Begin with the line below holding "Nordost Odin 2" and go on through the line holding "4000mAh Intelligent Massage", duplicating each line exactly and leaving out pictures.
____ MATERIAL FOR THIS TASK
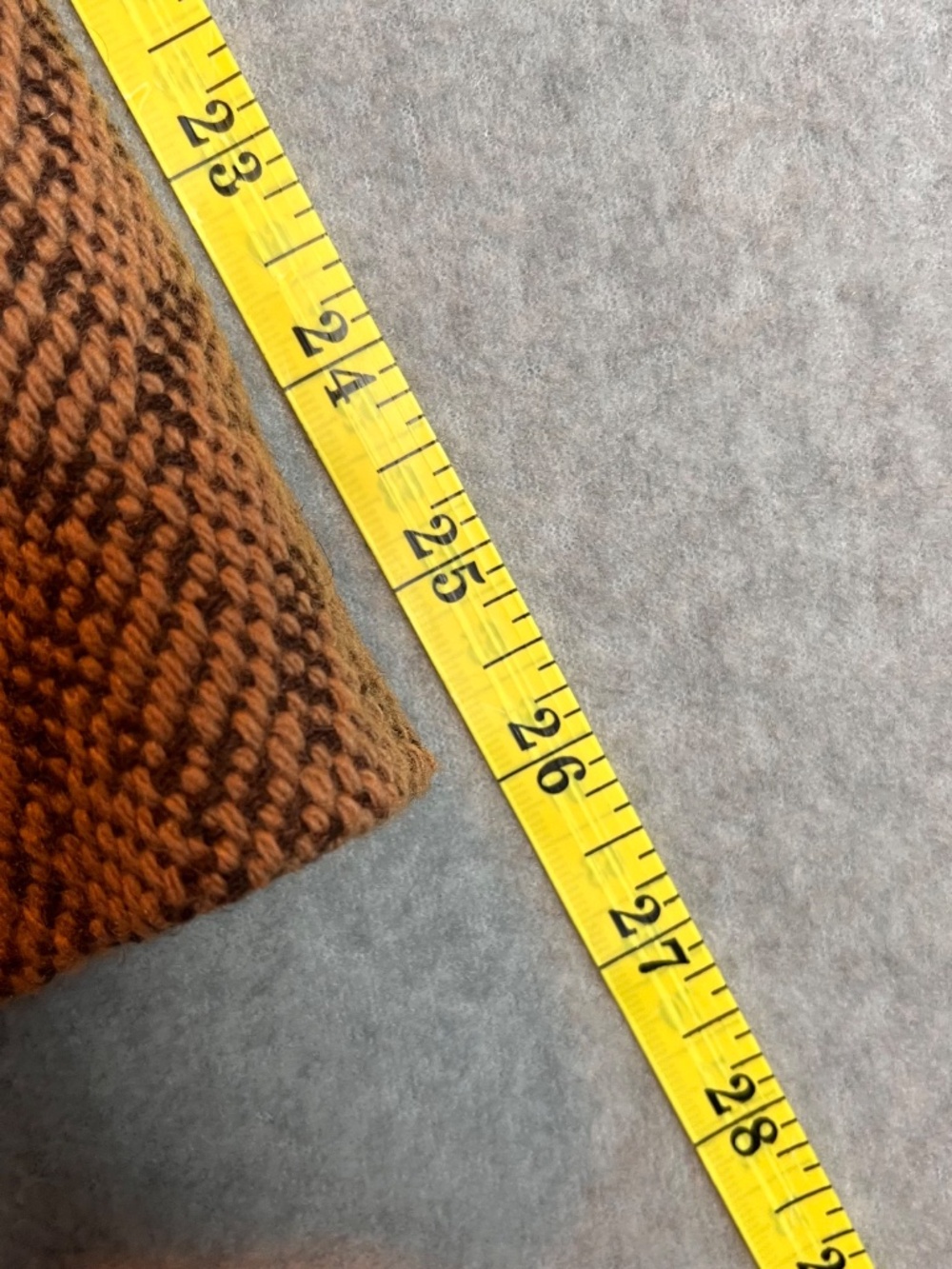 Y2K Fossil Lilly Brown Wool women's skirt size 2. Fully lined. A-line tweed - Picture 6 of 8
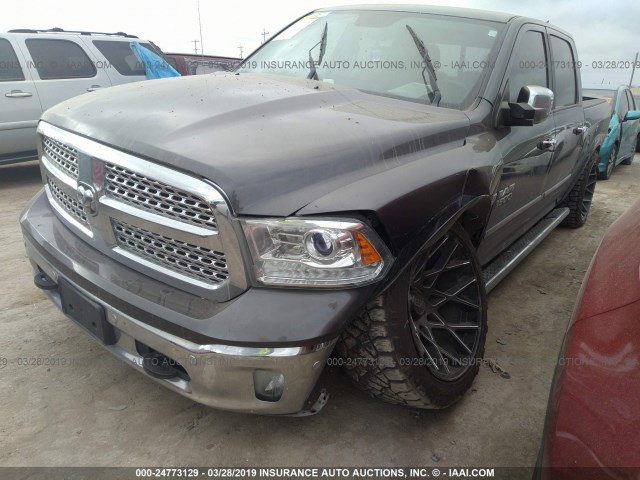 1C6RR7NT2GS370445 - 2016 RAM 1500 LARAMIE GRAY photo 2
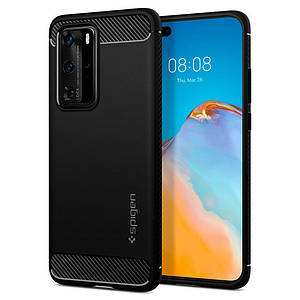 Чохол Spigen Rugged Armor для Huawei P40 Pro Black (ACS00968)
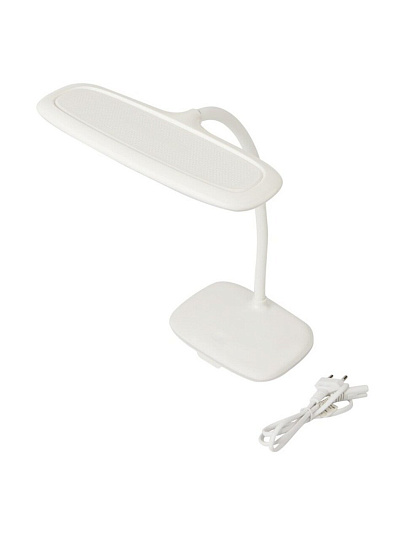 Светильник настольный вращение 360, с USB, белый, Rexant, Baoli, 75-0222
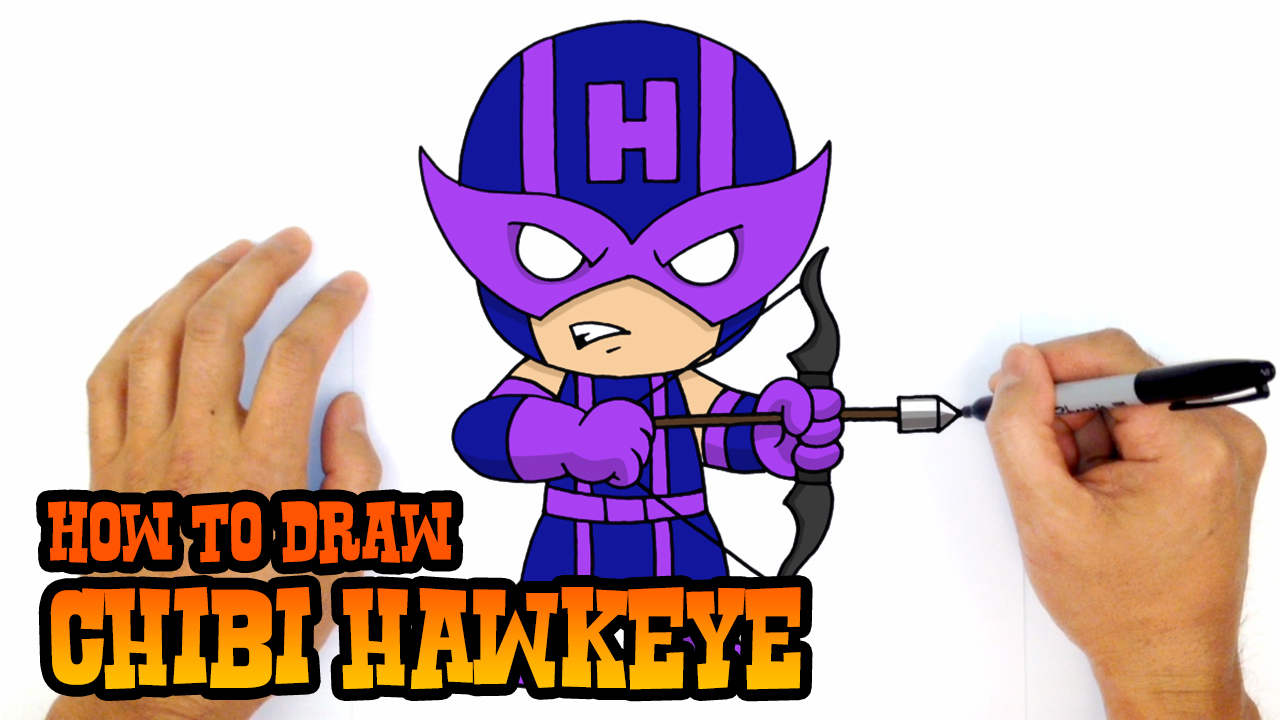 How to Draw Chibi Hawkeye | Avengers
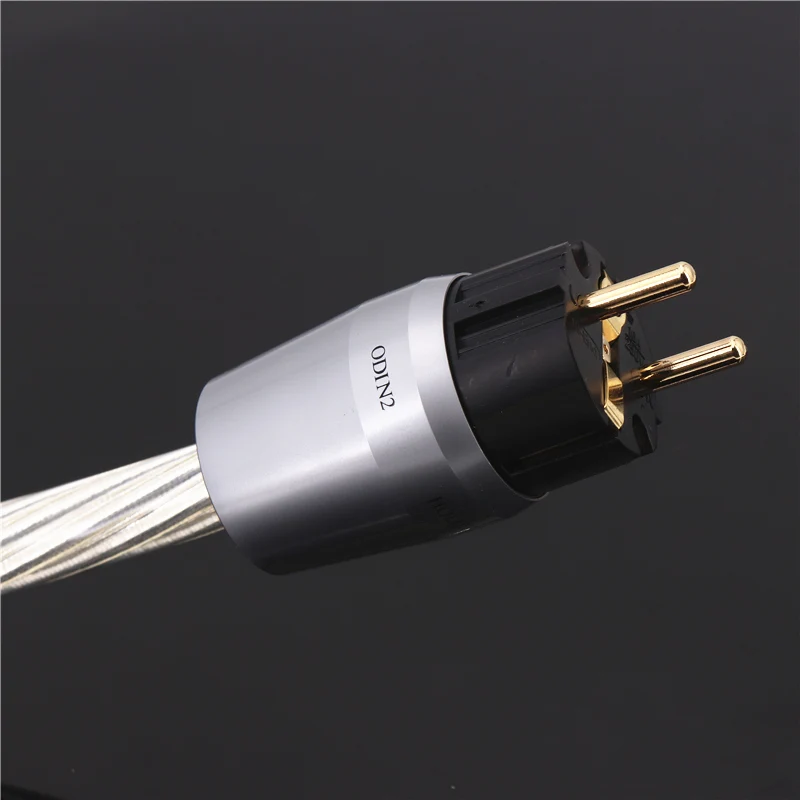 Nordost Odin 2 hifi power cord audio power cable 7n silver plated conductor TSC shielded EU / US gold plated plug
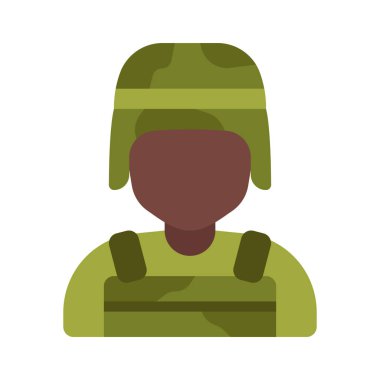 Asker Adam simgesi. Basit illüstrasyon, vektör simgesi 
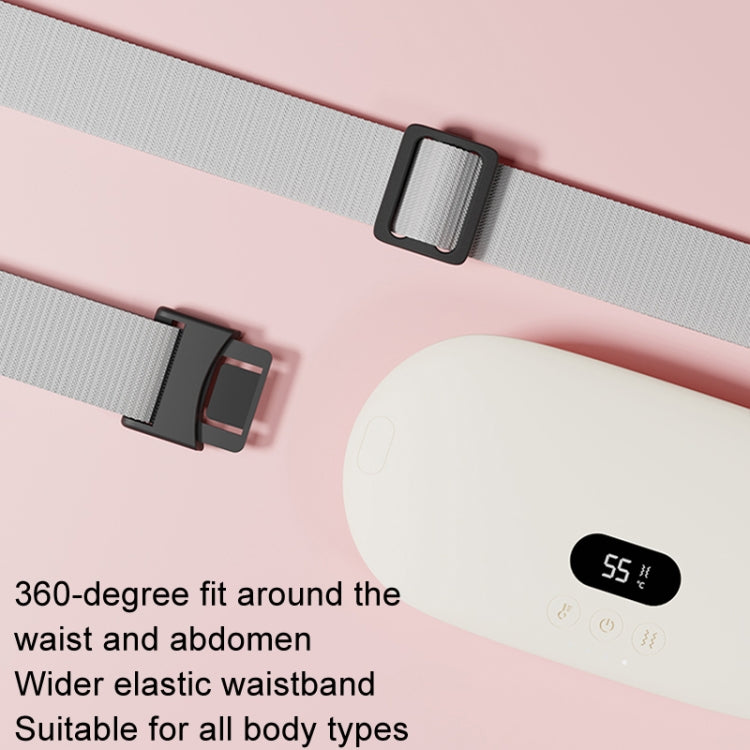 4000mAh Intelligent Massage Warming Belt Digital Electric Abdominal and Waist Massager(Pink)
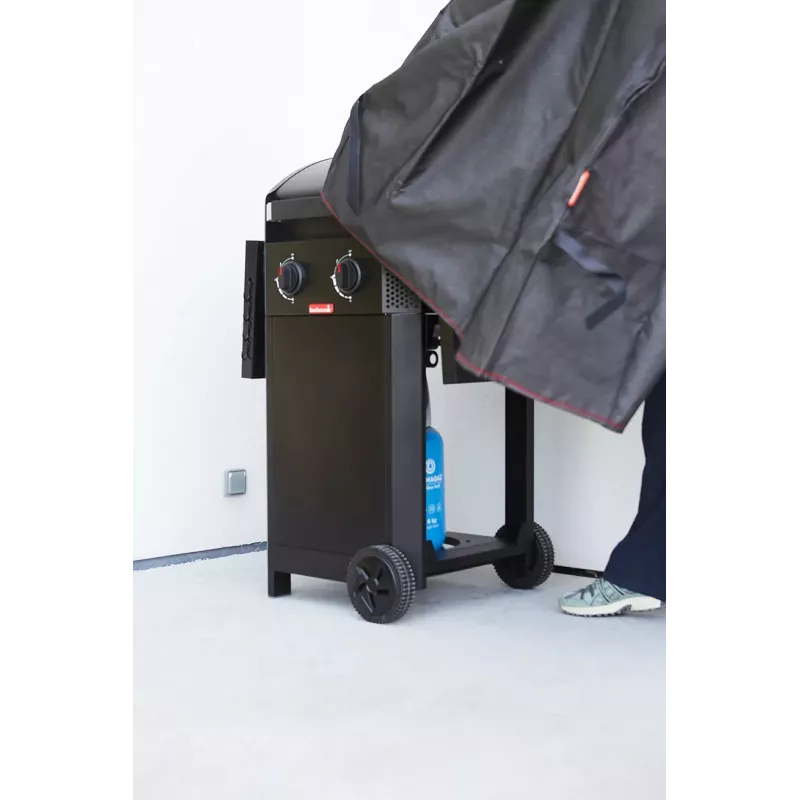 Barbecook Premium funda para barbacoa pequeña, 90 x 55 x 80 cm, negro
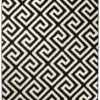 DREAM Tapis Moderne Optique Géométrique Noir Blanc Fin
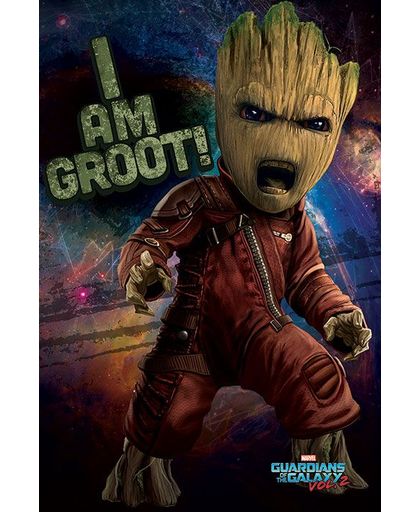 Guardians Of The Galaxy 2 - Angry Groot Poster meerkleurig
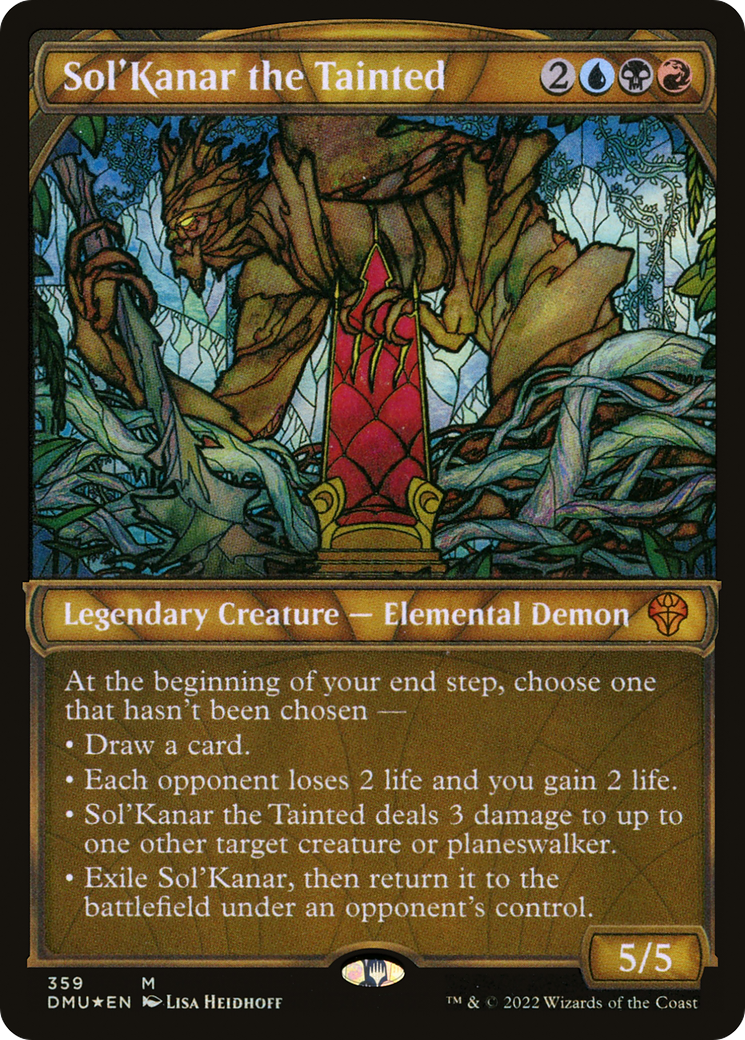 Sol'Kanar the Tainted (DMU-359) - : (Showcase) Foil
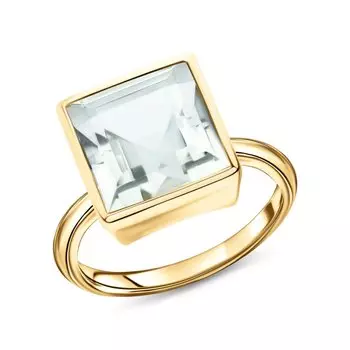 Серебряное кольцо с празиолитом природным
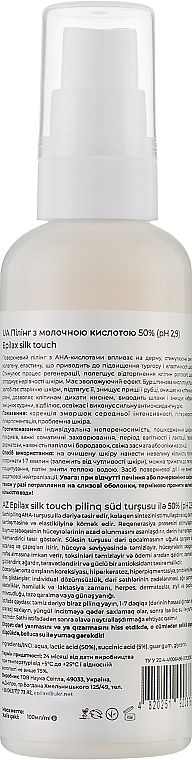 Пилинг с молочной кислотой 50% (pH 2.9) - Epilax Silk Touch Peeling — фото N2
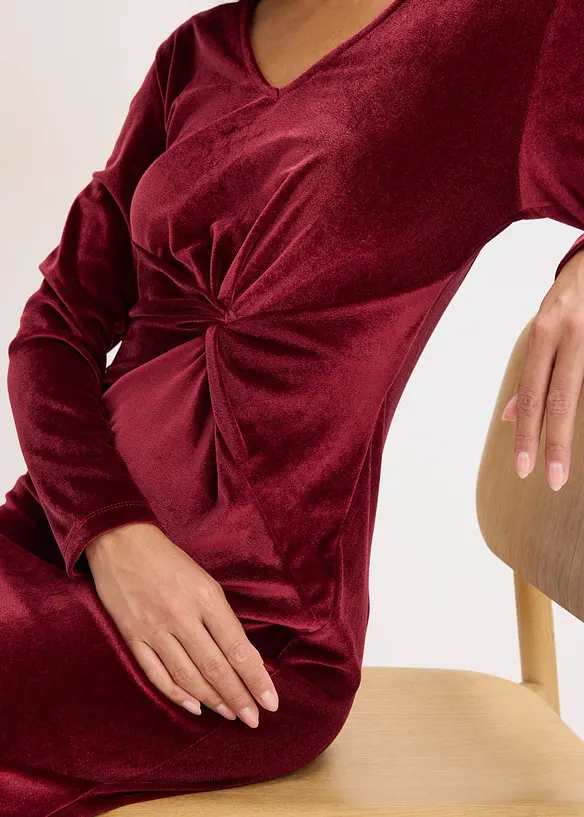 Minikleid aus glänzendem Samt, bonprix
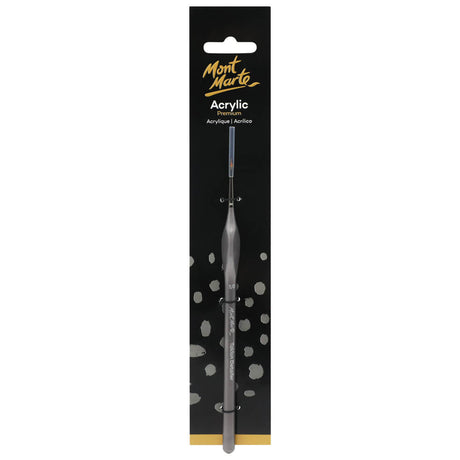 Mont Marte Artist Acrylic Brush Taklon Detailer 5/0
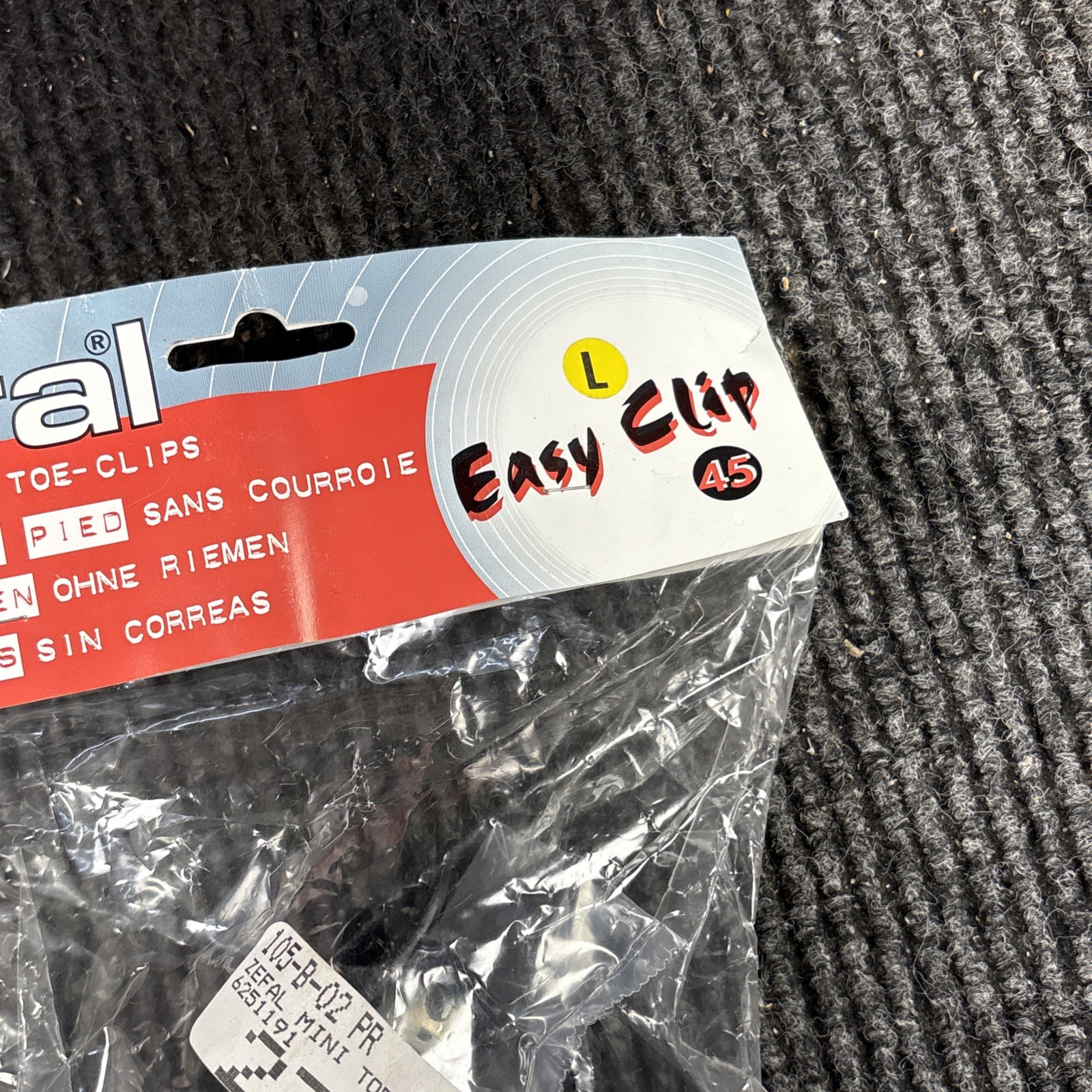 Zefal 45 Easy Clip Toe-Clips Strapless Large.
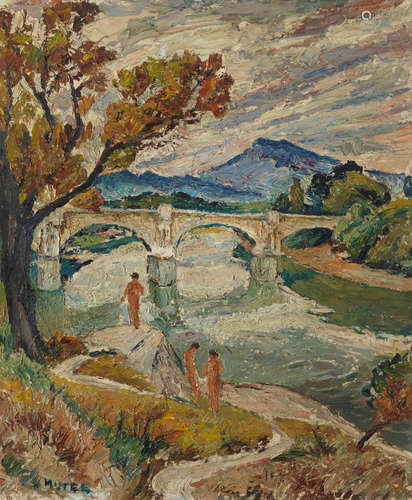 Landscape with a bridge Maria-Mela Muter(Polish/French, 1886-1967)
________
_SOLVED PROBLEM:_
 Nordost Odin 2 hifi power cord audio power cable 7n silver plated conductor TSC shielded EU / US gold plated plug
 Asker Adam simgesi. Basit illüstrasyon, vektör simgesi 
 4000mAh Intelligent Massage Warming Belt Digital Electric Abdominal and Waist Massager(Pink)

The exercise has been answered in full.